Using an array of sizes instead of offsets would lead to a loop construct like this. I'm not sure which is better; there's probably not that much difference …

MD_OFFSET ofs;
MD_SIZE   sz;
size_t    k;

for (k = 0; ofs < pattr->size; ofs += sz, ++k) {
    const MD_CHAR *const chunkp  = ofs;
    const MD_SIZE        chunksz = (sz = pattr->substr_sizes[k]);
    const MD_TEXTTYPE    chunktp = pattr->substr_types[k];

    process(chunktp, chunkp, chunksz);
}

[ Edit: Well, on second thought, the first version, using offsets, looks a bit easier to write and understand. But I would be fine with either one of these API constructs. ]

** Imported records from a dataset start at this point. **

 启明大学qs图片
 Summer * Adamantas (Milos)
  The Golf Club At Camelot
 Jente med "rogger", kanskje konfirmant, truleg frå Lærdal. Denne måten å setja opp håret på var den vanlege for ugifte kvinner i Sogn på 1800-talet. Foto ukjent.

mity commented 7 years ago

According to your description, a renderer could process all the portions (or chunks, or segments, ...) in the text like this, right? (skipped the code)

Yes, exactly.

Using an array of sizes instead of offsets would lead to a loop construct like this. I'm not sure which is better; there's probably not that much difference … (skipped the code)

I prefer the offsets as app then does not need the accumulator. But that's just matter of personal preference and in this it's impossible to satisfy everybody...

tin-pot commented 7 years ago

Yes, accumulating seems less straightforward than just "computing" the size as ofs[k+1]-ofs[k].

I think I'd prefer that too, I just wanted a quick "test ride" with both API variants ;-)